Kapal Gamsunoro milik PIS nan sempat tertahan sejak awal Maret 2026 akibat bentrok Amerika Serikat dan Iran, Rabu, 24 Juni 2026, pukul 20.00 WIB sukses melintasi titik kritis Selat Hormuz dengan kondusif berkah kerjasama strategi kedaruratan korporasi dan diplomasi perlindungan.

Menempuh perjalanan selama 16 jam, kapal Gamsunoro mulai beranjak dari Teluk Arab, Rabu mulai pukul 01.06 waktu Dubai alias sekitar pukul 04.06 WIB. Kapal melaju dengan kecepatan 7,5 knot dan tiba di mulut Selat Hormuz sekitar pukul 13.00 waktu setempat alias pukul 16.00 WIB. Empat jam kemudian, kapal dinyatakan sukses melintasi selat dan mencapai titik aman.

Vice President Corporate Communication PT Pertamina (Persero), Muhammad Baron, menegaskan bahwa kemajuan ini merupakan hasil koordinasi nan solid berbareng otoritas negara dan pemangku kepentingan.

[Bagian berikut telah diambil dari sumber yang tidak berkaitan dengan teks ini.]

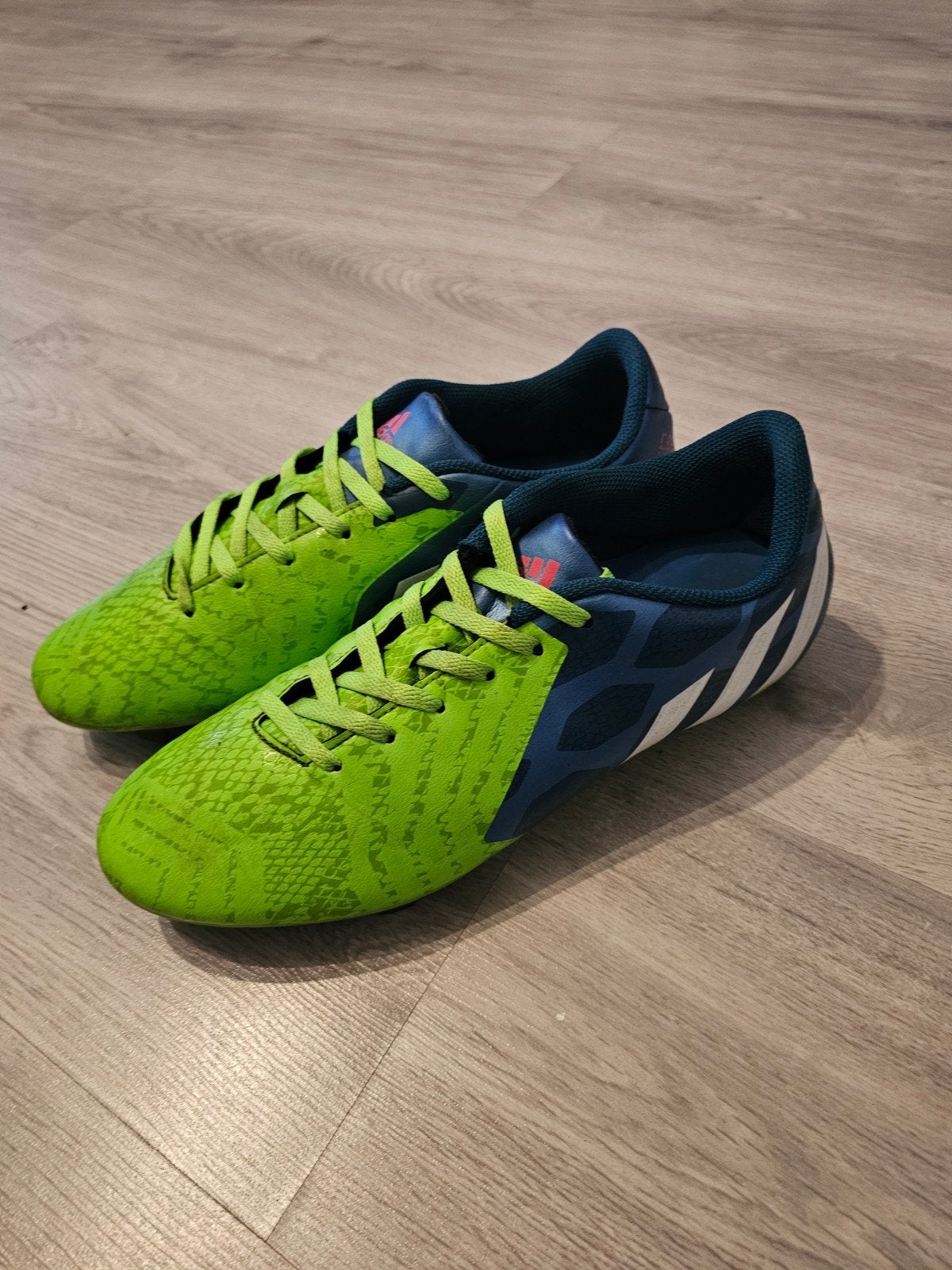 Adidas Predator Instinct voetbalschoenen - Maat 43  1/2, Ophalen of Verzenden, Zo goed als nieuw, Schoenen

"Sejak awal situasi ini berkembang, Pertamina menempatkan aspek keselamatan kru dan keamanan aset sebagai prioritas tertinggi. Oleh lantaran itu, kami terus mengedepankan koordinasi nan sangat erat dan intensif dengan Kementerian Luar Negeri, Kedutaan Besar RI di area terkait, serta seluruh stakeholder strategis lainnya. Sinergi ini memastikan setiap langkah mitigasi akibat nan diambil selaras dengan diplomasi perlindungan aset negara dan kepentingan strategis nasional di luar negeri," ujar Baron dikutip Kamis (25/6/2026).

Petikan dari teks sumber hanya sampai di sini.